## WHAT YOU SHOULD DO
Without the pictures, repeat the listing character for character.

===== PROVIDED MATERIAL

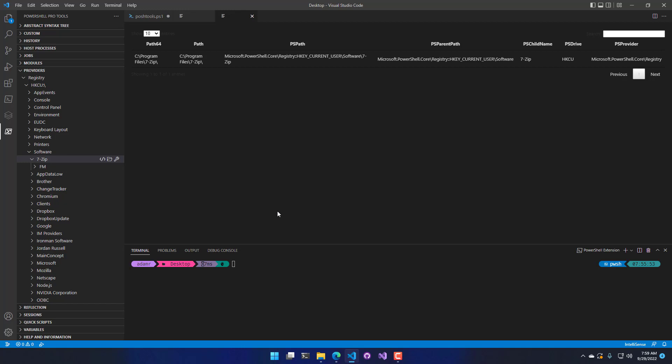So it's just a handy tool that you can use to navigate the providers on your machine. So in this video, we looked at the PowerShell Pro Tools Visual Studio Code Provider Explorer.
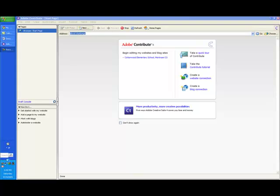I'm going to demonstrate how to get started with Adobe Contribute. With Adobe Contribute, you can edit your own web page. You can make it as simple or as complicated as you want. But first of all, let's get started and try it.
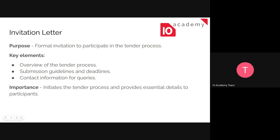The next document is the invitation letter. It's just to invite anyone who's interested to bid and participate in the process. The key elements are just an overview of the tender process, the submission guidelines — where to submit and how to submit — and contact information if you want to contact the tender issuers. Its importance is just to initiate the process of the tender and provide essential details to the participants.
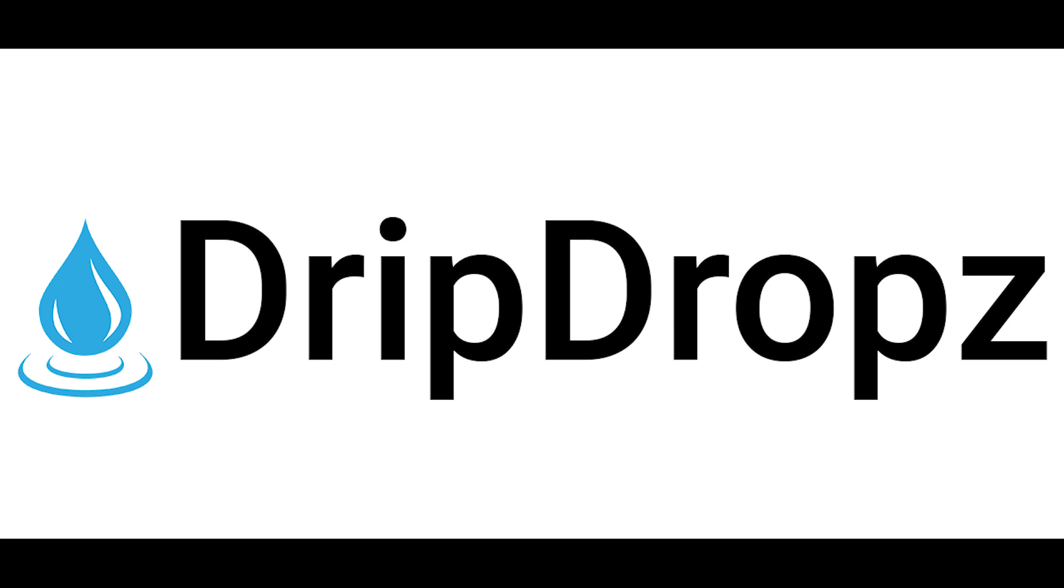Hello, and welcome to Drip Drops Tutorials. In this video, we will cover how to withdraw tokens from the Drip Drops platform.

==========

## THE COMPLETED TASK
So it's just a handy tool that you can use to navigate the providers on your machine. So in this video, we looked at the PowerShell Pro Tools Visual Studio Code Provider Explorer.
I'm going to demonstrate how to get started with Adobe Contribute. With Adobe Contribute, you can edit your own web page. You can make it as simple or as complicated as you want. But first of all, let's get started and try it.
The next document is the invitation letter. It's just to invite anyone who's interested to bid and participate in the process. The key elements are just an overview of the tender process, the submission guidelines — where to submit and how to submit — and contact information if you want to contact the tender issuers. Its importance is just to initiate the process of the tender and provide essential details to the participants.
Hello, and welcome to Drip Drops Tutorials. In this video, we will cover how to withdraw tokens from the Drip Drops platform.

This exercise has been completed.